I'm intrigued by the suggestion behind the last lines of both stanzas and the contrast of their mirror roles, "We are nothing" and "that fire burned brightly once / but is completely void of life. / The city is full of people; / it never gets dark here." I'm imagining a cannibalistic fire. I'm intrigued by the motif of fire here. There's so much light to the point of destruction so that it never gets dark yet is void of life. I really like the feel of the last two lines, a fact, that's loaded with the connotations leading up to it.

[[That's all I have to sayyy. T.T I read your piece over 20 times. I like that this was inspired by listening to your platonic, it does sound like recalling a distant story. I feel like I haven't yet bled all the meanings and implications yet.]]
Edited 2012-09-13 02:32 (UTC)

[identity profile] silverflight8.livejournal.com 2012-09-18 01:06 am (UTC)(link)
Late editor is delinquent and embarrassingly late, but here is your second edit!

without hope.
We are nothing.

We are nothing
without hope.

This is particularly wonderful! Actually I think the whole poem's structure is marvellous, but, you know, this direct contrast is especially. I think it must be the sudden reversal of pessimism into something resembling optimism.

Sentiments will always travel;
the fight never ends.

-The sentiments part seems unhinged here, and I don't mean crazy, just that it is seemingly uncoupled from anything else around it.
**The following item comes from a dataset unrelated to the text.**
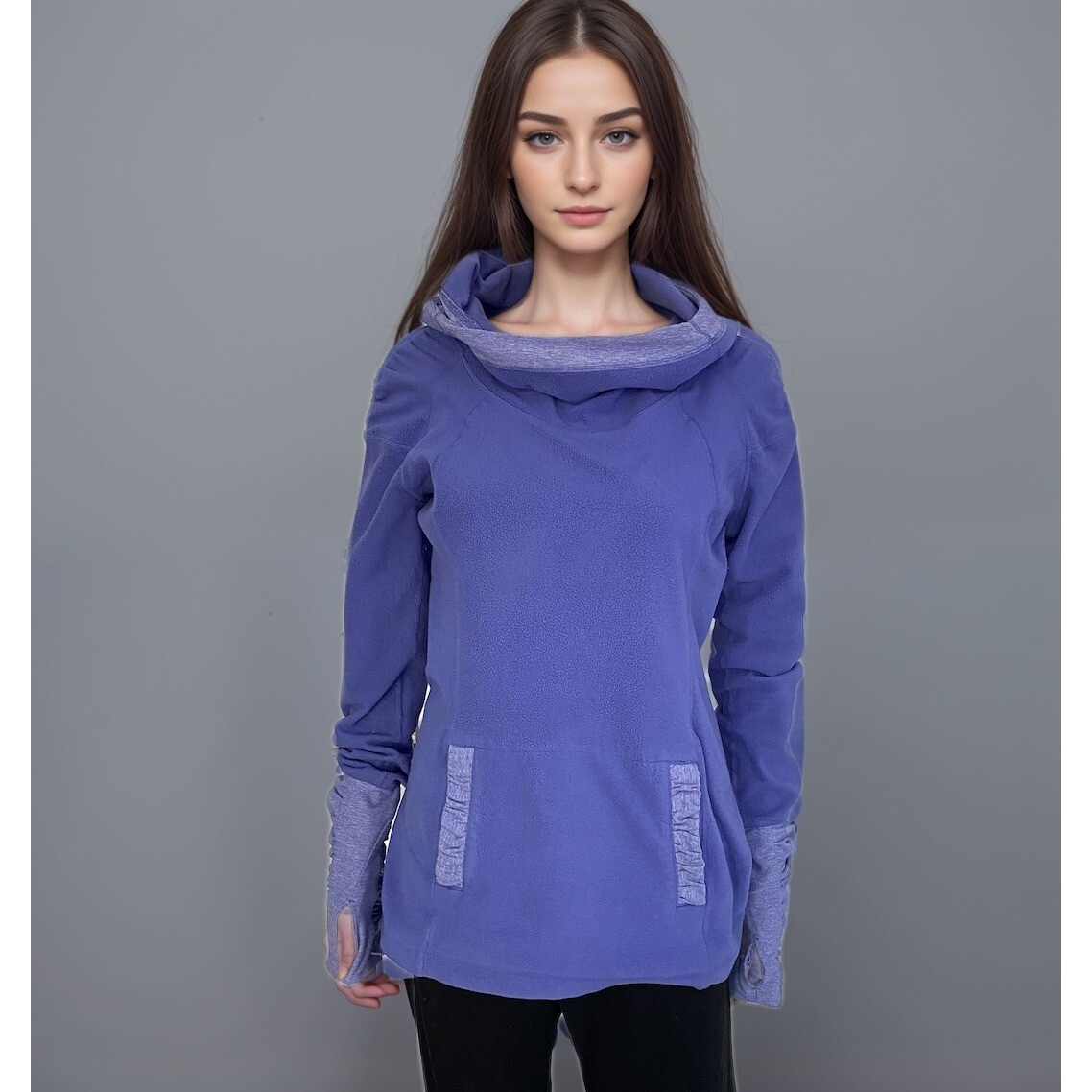 Lululemon Apres Run Pullover Sweater Women Sz 8 Purple Hooded Fleece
What does sentiments mean? (Thanks to tumblr, I'm getting images of Loki, but anyway).

yet the cinders still glow
more than we can know.

-A little more obvious here than in the previous stanza, because there's no punctuation, but glow/know rhymes unexpectedly and kind of throws off the unrhymed rest of the poem. (Like the poet/don't know it sense.)

everything in its path was consumed,
more than we can know.

-This, too, is somewhat confusing. We don't know what everything was? Mostly I am having these question marks everywhere because some parts of the poem are quite clear and it's a poem that's not coyly trying to hide its meaning, but there are some parts that don't seem to quite match up to the other lines around it.

our flames burned
hotter than they have any right to,

-Changing tenses here (burned/have any right to) - not a problem in the previous stanza where you have this sentence coupled with another line.

our flames burned
-(in the second stanza) I think you should put some kind of punctuation at the end of this, because my eyes just jumped right to the next line without pausing to take in the burned bit. It really is the central idea of the poem.

There are a few places where I think that the line lengths were a little odd (especially hotter than they have any right to, - I'm still not sure about the "have any right to" part) but I'm not sure if that would be doable with your current structure.

Again, I really enjoyed the format you used! This is excellent.